Jarai ethnic minority villagers in Ratanakkiri province’s O’Yadaw district said yesterday they planned to install a new billboard calling on the provincial court to resolve a long-running land dispute, after a billboard they erected Thursday was torn down by anonymous vandals.
Sav Taval, deputy chief of Kong Yu village, said the villagers had been angered by the removal of the sign, which was installed along National Road 78 at the turnoff to their village on Thursday and mysteriously removed that night. He said they were now determined to erect another billboard within two weeks.
“Villagers are not afraid, but we are really angry for losing the billboard because we collected the money for it,” he said, “We will make another billboard from wood to replace it. We will replace it next week.”
On Thursday morning, a group of villagers was briefly blocked by 15 police officers when they tried to install the sign, which asked the provincial court to expedite the villagers’ legal complaint against Keat Kolney, as there has been no progress in the case since December 2007.

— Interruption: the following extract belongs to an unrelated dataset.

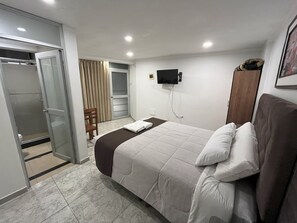Habitación Matrimonial Queen size | Desk, laptop workspace, free WiFi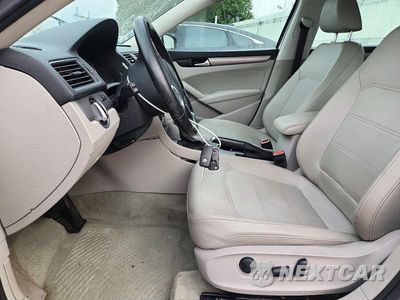 Zdjęcie 7 z 12 samochodu: 2014 VOLKSWAGEN PASSAT SE VIN:1VWBS7A36EC028070 - miniatura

Mr Taval, who represents 60 Jarai families who have been embroiled in a dispute with Ms Kolney, the sister of Finance Minister Keat Chhon, over 450 hectares of former village land, said the villagers had filed a complaint with local authorities over the board’s destruction.
“There has been no sign of the perpetrators yet,” he said, adding that police had visited Kong Yu village on Friday to talk with villagers about the incident.
Local police and officials could not be reached for comment on the case yesterday, but on Friday O’Yadaw district police said officers would carry out an investigation into the sign’s removal.
However, Chhay Thy, Ratanakkiri provincial investigator for local rights group Adhoc, was skeptical that police would pursue a serious investigation into the incident.
“Generally speaking, if the perpetrators were villagers police would take quick action. In contrast, if perpetrators are connected to powerful people, police rarely find the perpetrators,” he said, adding that the destruction of the billboard appeared to be an attempt to intimidate the villagers.